Image-text web data:
═══

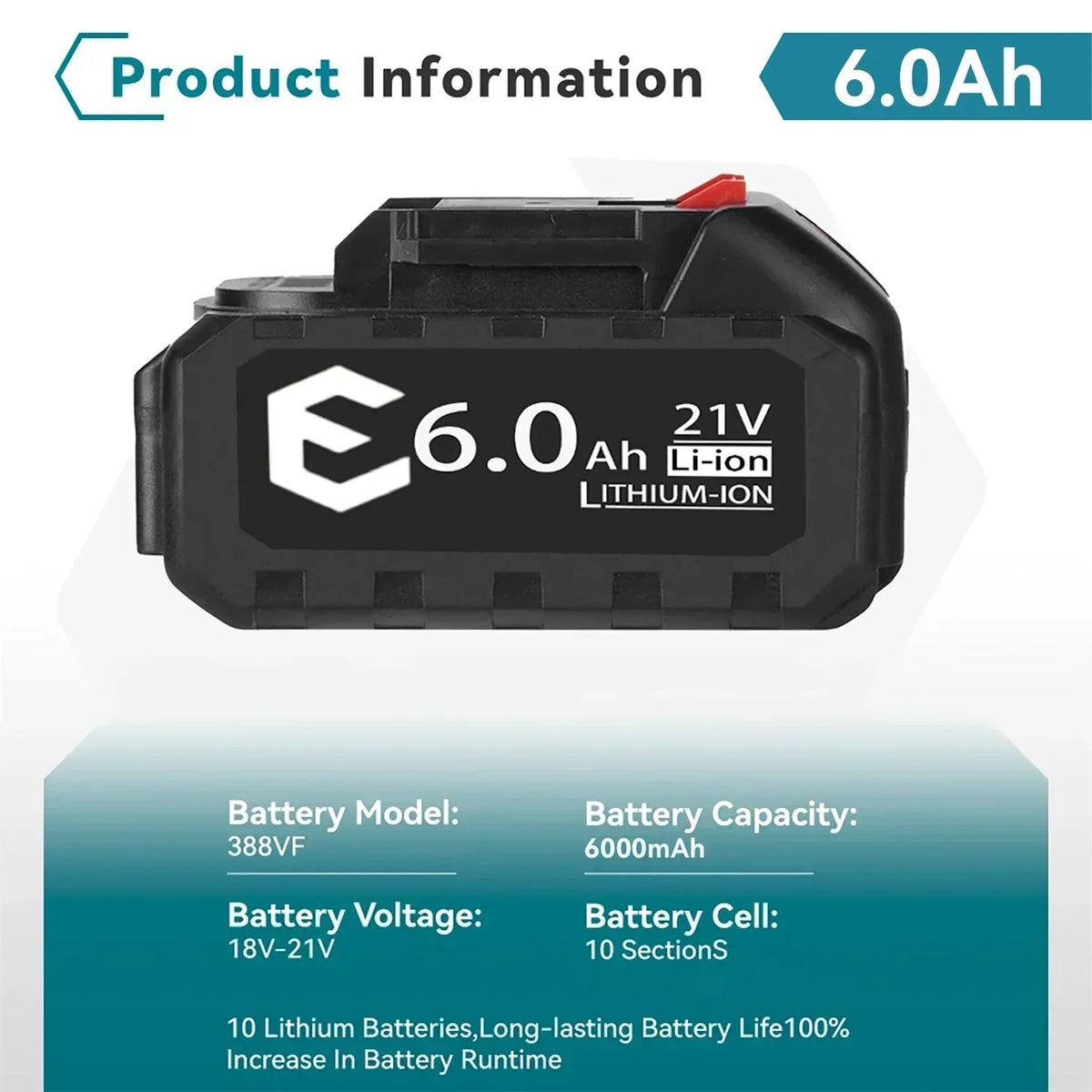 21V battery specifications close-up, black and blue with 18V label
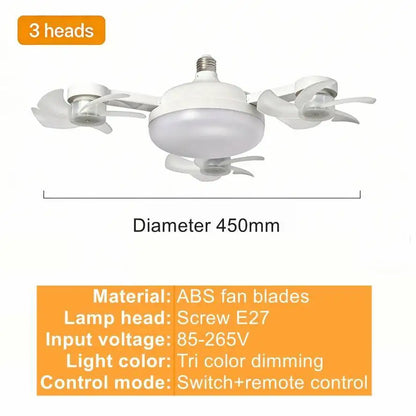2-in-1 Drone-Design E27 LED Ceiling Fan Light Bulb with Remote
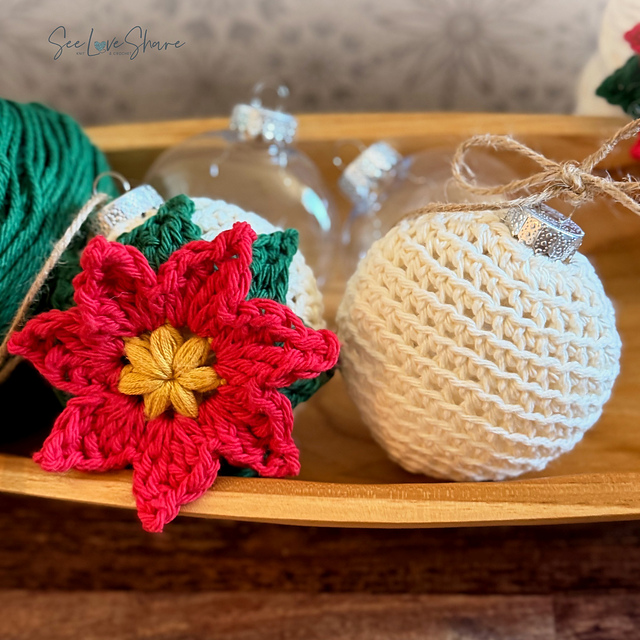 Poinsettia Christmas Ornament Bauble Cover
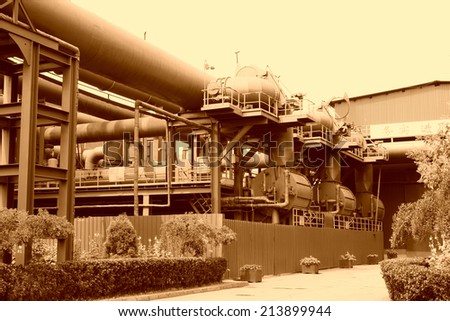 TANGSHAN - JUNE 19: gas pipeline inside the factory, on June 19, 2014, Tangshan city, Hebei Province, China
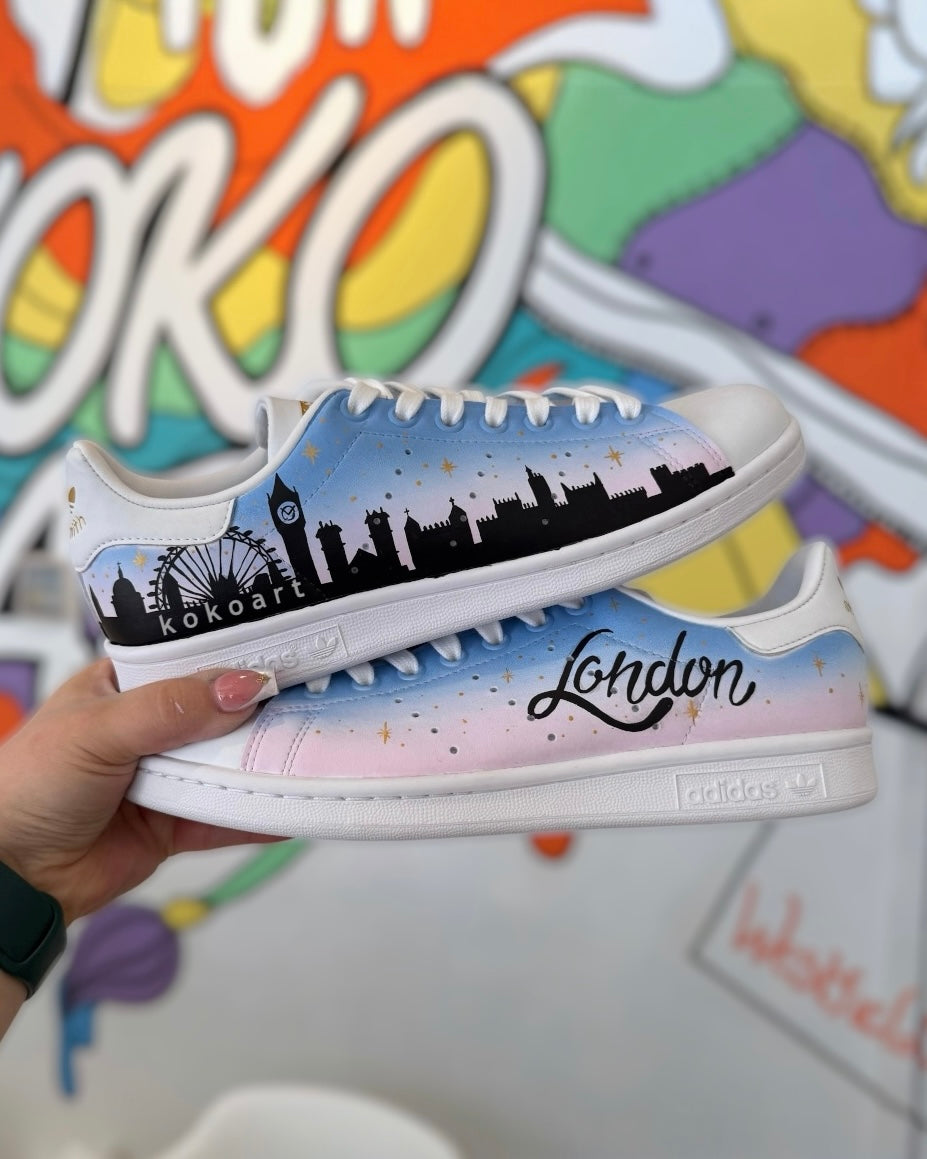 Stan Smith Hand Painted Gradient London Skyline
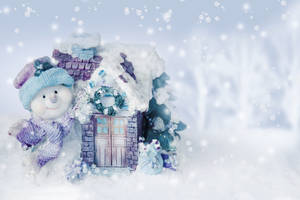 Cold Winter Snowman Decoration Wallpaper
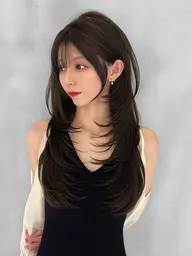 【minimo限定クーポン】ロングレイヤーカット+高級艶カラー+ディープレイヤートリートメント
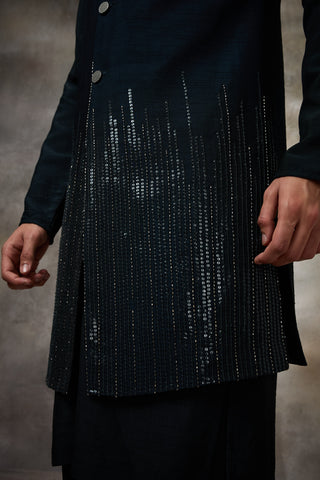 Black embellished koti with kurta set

═══

YOUR GOAL: Without including any pictures, please restate all the records exactly.

ANSWER AREA:
 21V battery specifications close-up, black and blue with 18V label
2-in-1 Drone-Design E27 LED Ceiling Fan Light Bulb with Remote
 Poinsettia Christmas Ornament Bauble Cover
 TANGSHAN - JUNE 19: gas pipeline inside the factory, on June 19, 2014, Tangshan city, Hebei Province, China
 Stan Smith Hand Painted Gradient London Skyline
 Cold Winter Snowman Decoration Wallpaper
 【minimo限定クーポン】ロングレイヤーカット+高級艶カラー+ディープレイヤートリートメント
 Black embellished koti with kurta set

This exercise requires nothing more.